And so it's in all these processes beyond that. is a fire. So, so far you've come in, you've seen a cut of meat, people [00:51:00] cutting meat and a fire. And my concept pitch is done. Like, it's like, this is like heaven for them. I don't have any more explaining to do. You've already figured it out. Like the old man said, I know what you're doing here.
Yeah. You know, And and that's it. And then there's crocs full of in season. They're in potatoes. There's tomatoes laid out on sheet trays because we don't refrigerate our tomatoes. They come in and the only place that we have in the whole restaurant is this right there. We're not showing them off. We just don't have another place to put them, you know, and, uh, you know, other fruit might be ripening.
There's definitely something fermenting. I mean, on purpose, uh, somewhere in there in a crock or more likely in a 50 gallon bin. Uh, there's, there's some, Huge batch of sauerkraut or kimchi going. Um, there's, there's jars of dried peppers. There's a little bit of retail space. And then there's a place [00:52:00] to sit down and have all that.
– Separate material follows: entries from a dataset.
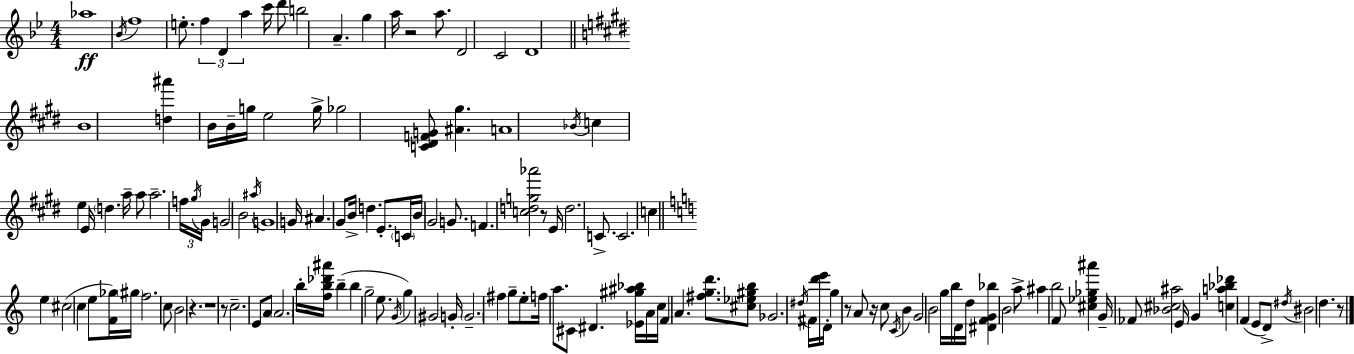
{
  \clef treble
  \numericTimeSignature
  \time 4/4
  \key g \minor
  \repeat volta 2 { aes''1\ff | \acciaccatura { bes'16 } f''1 | e''8.-. \tuplet 3/2 { f''4 d'4 a''4 } | c'''16 d'''8 b''2 a'4.-- | \break g''4 a''16 r2 a''8. | d'2 c'2 | d'1 | \bar "||" \break \key e \major b'1 | <d'' ais'''>4 b'16 b'16-- g''16 e''2 g''16-> | ges''2 <c' dis' f' g'>8 <ais' gis''>4. | a'1 | \break \acciaccatura { bes'16 } c''4 e''4 e'16 \parenthesize d''4. | a''16-- a''8 a''2.-- \tuplet 3/2 { f''16 | \acciaccatura { gis''16 } gis'16 } g'2 b'2 | \acciaccatura { ais''16 } g'1 | \break g'16 ais'4. gis'8 b'16-> d''4. | e'8.-. \parenthesize c'16 b'16 gis'2 | g'8. f'4. <c'' d'' g'' aes'''>2 | r8 e'16 d''2. | \break c'8.-> c'2. c''4 | \bar "||" \break \key c \major e''4 cis''2( c''4 | e''8 <f' ges''>16) \parenthesize gis''16 f''2. | c''8 b'2 r4. | r1 | \break r8 c''2.-- e'8 | a'8 \parenthesize a'2. b''16-. <f'' b'' des''' ais'''>16 | b''4--( b''4 g''2-- | e''8. \acciaccatura { g'16 }) g''4 gis'2 | \break g'16-. \parenthesize g'2.-- fis''4 | g''8-- e''8-. f''16 a''8. cis'8 dis'4. | <ees' gis'' ais'' bes''>16 a'16 c''16 f'4 a'4. <fis'' g'' d'''>8. | <cis'' ees'' gis'' b''>8 ges'2. \acciaccatura { dis''16 } | \break fis'16 <d''' e'''>16 d'16-. g''4 r8 a'8 r16 c''8 \acciaccatura { c'16 } b'4 | g'2 b'2 | g''16 b''16 d'16 d''16 <dis' f' g' bes''>4 b'2 | a''8-> ais''4 b''2 | \break f'8 <cis'' ees'' ges'' ais'''>4 g'16-- fes'8 <bes' cis'' ais''>2 | e'16 g'4 <c'' a'' bes'' des'''>4 f'4( e'8 | d'8->) \acciaccatura { dis''16 } bis'2 d''4. | r8 } \bar "|."
}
And then there's a bar. And then there's the wine and there's the beer and done. And then beyond that, in the back of the restaurant is a, a walk in that will never be big enough. And an office that will certainly never be big enough and a dish pit that's actually kind of roomy. The way you're describing, I'm like, I can't imagine where this actually is in the restaurant.
Yeah, it's, it's, uh, and that's it. That's it. That's I've described the entirety of it. There's a nice machine back there, but The only thing that you don't see is the dish pit, the boring stuff that happens on the computer and the place, the big place where we keep the stuff cold. That's it. What's changed in your philosophy around food since you started Daidue until today?
That's a great question. I mean, I think that I've just, I've. I've mellowed, you know, young, maybe a little too idealistic or opinionated. [00:53:00] Um, I feel like things are better when you're open and not Not judgmental. I used to be very hardcore. Like, oh, you know, I'm not gonna eat any meat unless it is like this and But I think more more than that.
I really appreciate like I've been so fortunate to witness these other Entities grow in like a business way, you know, like farms that have gone from small farms to medium sized farms and You know, farm to table who has really enabled the serving of locally produced foods because they, they made it very convenient.
And that's, that is key, that wholesale, that, that distribution model. Um, you can get. [00:54:00] milk and apples and all kinds of vegetables and some meats and all this stuff from them delivered tomorrow morning. Um, that's been really cool to see that happen. Um, and things like An appreciation for H E B, you know, like a great company.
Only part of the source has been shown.